Suppression du quotient conjugal, soit d’un dispositif fiscal, légal et automatique qui s’applique quand l’un des deux membres du ménage touche sensiblement moins de revenus que l’autre. Loin d’être anecdotique, il concerne 500.000 ménages en Belgique. Si ce quotient conjugal est supprimé, la perte financière sera de 125€ en moyenne par mois pour un couple où l’un travaille à mi-temps et l’autre à temps plein. Jusqu’à 600€/mois pour un couple de pensionnés.
Limitation du chômage dans le temps et impact sur les communes. On ne peut aborder la note De Wever-Bouchez sans parler du trophée de chasse de la droite : la limitation à deux ans des allocations de chômage. Une mesure populiste, inefficace, mais hautement symbolique. Une mesure qui pourrait exclure 130.000 personnes estampillées « chômeurs de longue durée », dont 90.000 pourraient se retrouver au CPAS. Souvent, ce sont des travailleuses et travailleurs qui ont cumulé les petits contrats, mais qui n’ont pas réussi à travailler suffisamment longtemps d’affilée pour sortir des statistiques. Outre l’injustice sociale de la mesure, elle constitue une régionalisation larvée d’un pan entier de la sécurité sociale, et le transfert de la charge financière vers les CPAS et les communes.
Des cadeaux mal répartis
Alors, certes. La note prévoit un recalcul de l’impôt, via une augmentation de la quotité exemptée, qui permettra à toutes et tous de toucher un peu plus de salaire net, environ 110€ à partir de 1750€ de salaire mensuel. Disons-le bien : à toutes et tous. Même à celui ou celle qui touche chaque mois 10 000€ de salaire et plus encore. L’effort – qui coûtera 9 milliards à l’Etat – n’a bien entendu pas porté une attention particulière aux petits et moyens salaires. Un cadeau fiscal à celles et ceux qui n’en ont pas besoin, plutôt qu’un geste plus conséquent pour les ménages les moins nantis, c’est ça, la vision de la droite !

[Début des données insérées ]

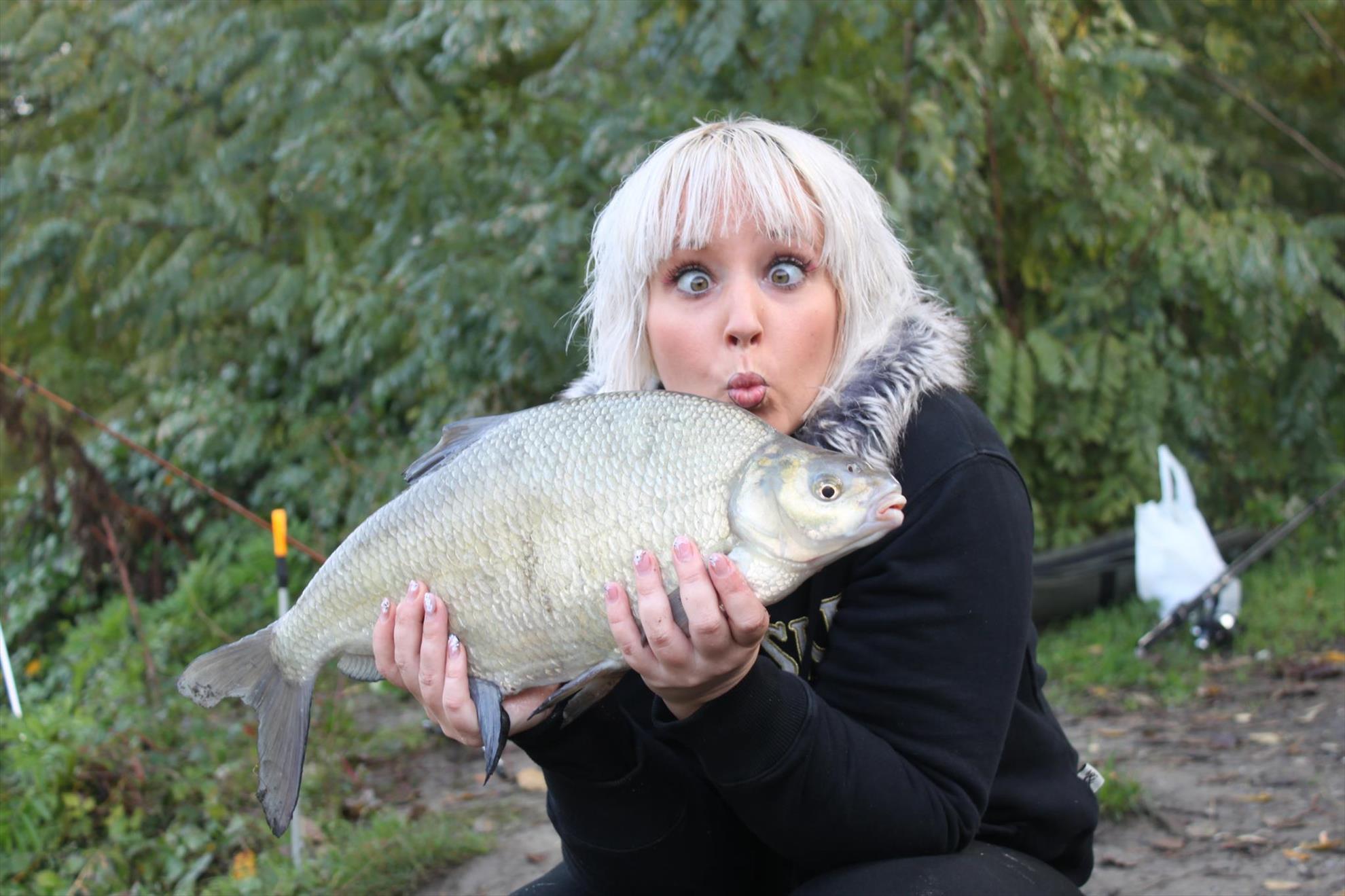 girls fishing 3 - 892611596103927084085931974139o.jpg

Répétons. Des courses plus chères. Des conditions de travail dégradées. Une attaque fiscale qui touchera particulièrement les pensionnés et les ménages qui comptent un faible revenu. Une réforme fiscale hors de prix et injuste. Une limitation du droit au chômage qui va coûter cher, très cher, aux pouvoirs locaux et donc aux services publics de proximité. S’ajoutent : un « bidouillage » de l’index, une attaque aux pensions, aux périodes assimilées… Le texte regorge de mesures qui frappent fort. Une régression sociale comme jamais vue. C’est tout ça, le projet poussé, côté francophone, par le MR et Les Engagés. Vous en lirez plus dans cette édition spéciale de Syndicats Magazine.
Antisocial, donc, on disait ? « Contraire à l’ordre social, qui va contre les intérêts des travailleurs. » On n’aurait pas pu trouver meilleure définition. Dans quelques semaines, nous retournons aux urnes. Un vote qui va compter, qui doit permettre de redresser la barre. Il est temps de voir la réalité en face, notre analyse est là pour ça. Disons-le une fois encore : la droite ne sera jamais de votre côté.